It’s not only the Intel GPU compute stack seeing some nice improvements recently but over with the Mesa 25.0-devel code for the Intel “ANV” open-source Vulkan driver there have been some new performance optimizations arriving this week.
Ahead of the Arc Graphics B570 Battlemage graphics cards shipping later this week, the newest Intel Vulkan driver code for Linux systems has been seeing some general performance tuning and optimizations.

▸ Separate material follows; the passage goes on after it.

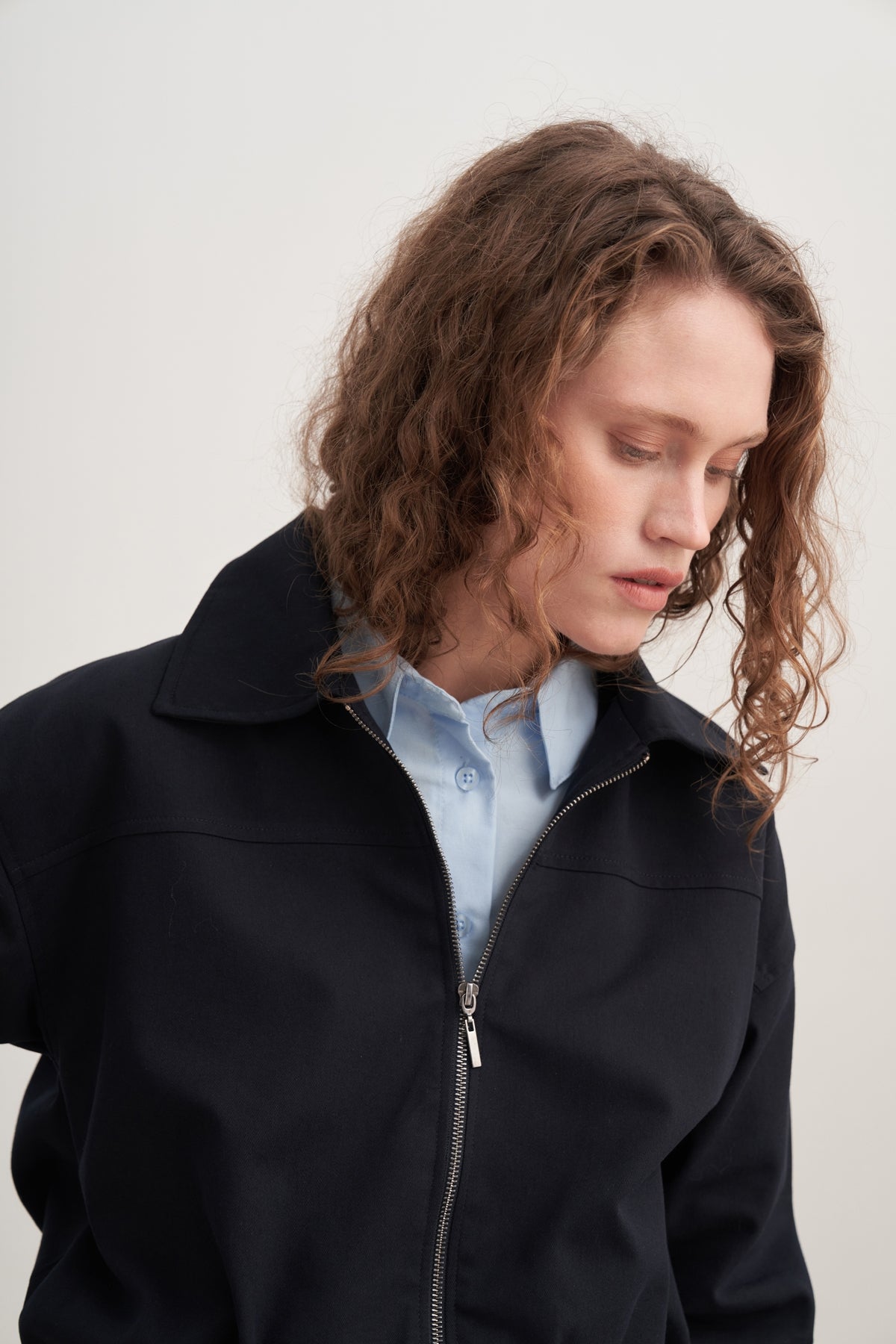 Kadın Gabardin Bomber Ceket Lacivert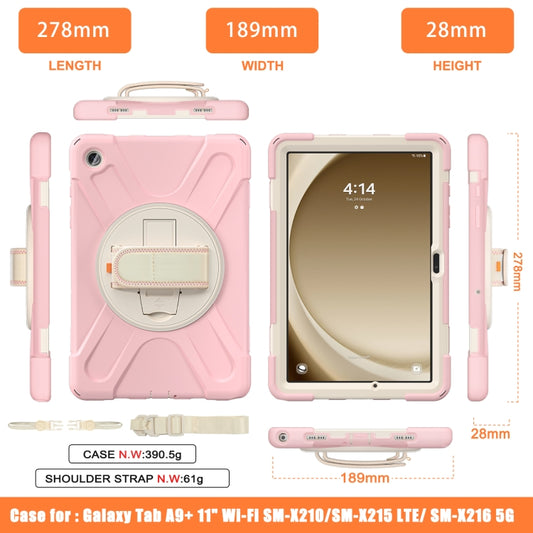 For Samsung Galaxy Tab A9+ / Tab 11+ Rotatable Kickstand Grip Heavy Duty Hard Rugged Tablet Case(Pink) by bashfashion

Merged on Monday to Mesa Git was slow clear if fast-clear cost is not mitigated. The patch explains:
“Fast-clears require expensive flushes beforehand and afterwards. The cost of flushes are decreased in a series of back-to-back fast-clears as no extra fast-clear flushes are required in between them. If the ratio of a command buffer’s recorded back-to-back fast clears over independent fast-clears falls below 1/2, prevent that command buffer from recording any further fast-clears.

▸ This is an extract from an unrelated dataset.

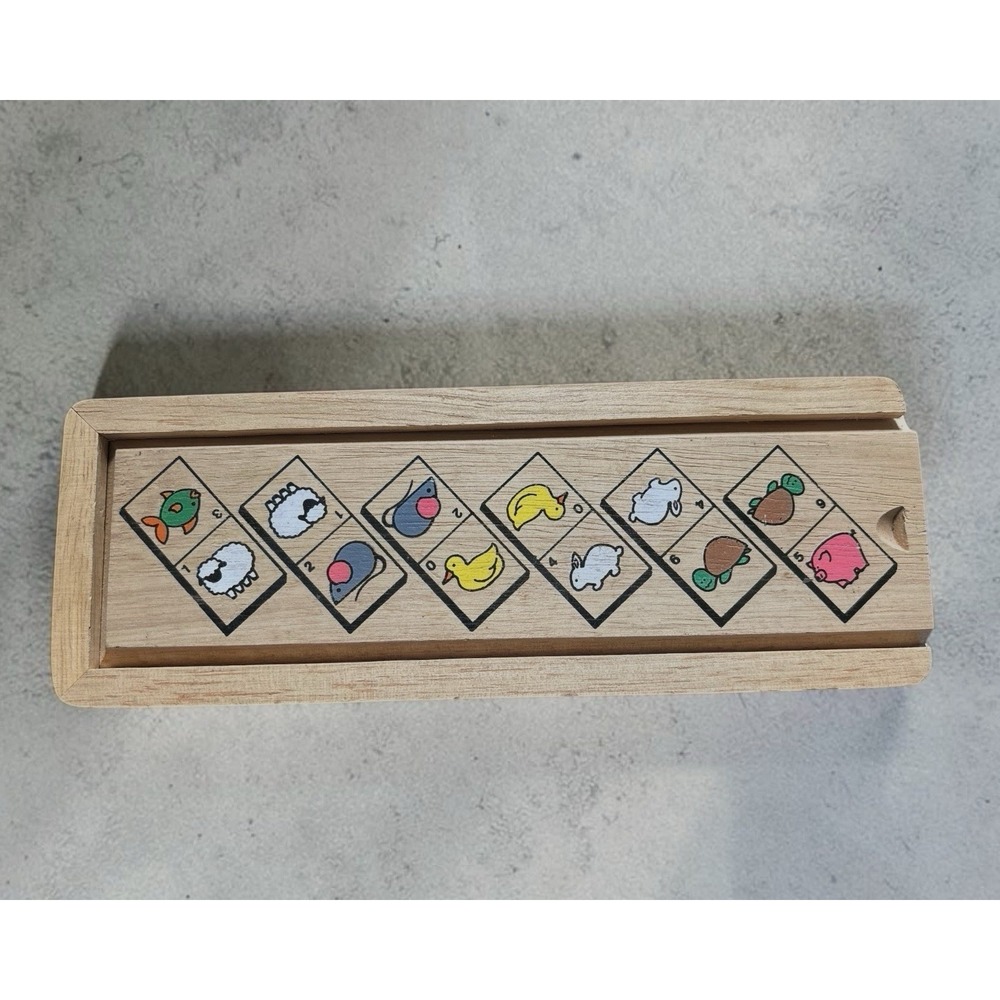 80's Wooden Painted Animal Dominoes ~Set in  Wooden Box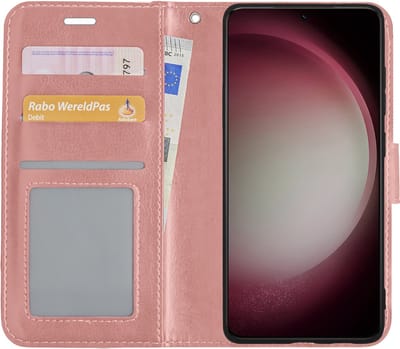 Hoesje - Met Pasjeshouder - Geschikt voor Samsung Galaxy S23 - Luxe Bookcase Portemonee - Flip Case - Kunstleer Book Case - Flipcase - Book Cover - Walletcase - Portemonneehoes - Rosé goud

Averaging two runs of our Factorio trace on an A750 shows a +14.37% improvement in FPS.”
Not bad seeing a 14% boost for at least one game with the existing Alchemist graphics.

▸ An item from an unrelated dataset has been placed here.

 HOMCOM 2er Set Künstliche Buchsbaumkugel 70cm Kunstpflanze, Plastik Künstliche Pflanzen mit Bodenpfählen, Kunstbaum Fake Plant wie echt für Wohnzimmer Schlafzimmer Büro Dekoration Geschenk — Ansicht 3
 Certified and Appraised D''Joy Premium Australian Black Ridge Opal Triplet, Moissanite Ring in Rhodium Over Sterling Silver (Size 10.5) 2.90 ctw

Also of interest to some may be the enabling of more storage compression on Intel GFX12 and newer graphics IP. That month-old merge request made it into Mesa Git on Monday.
Being merged overnight was a more subtle optimization for enabling more fast-clears with image format lists. That change is having slight performance benefits across multiple games. It also fixes a number of bugs reported against the Intel ANV driver.
Another merge landing in Mesa 25.0-devel today for both the ANV Vulkan driver and Intel Iris Gallium3D (OpenGL) driver is reducing fast-clear synchronization for some minor performance benefits.
Great seeing these Intel Vulkan open-source Linux driver improvements continue to flow in as the company continues ramping up their Battlemage offerings.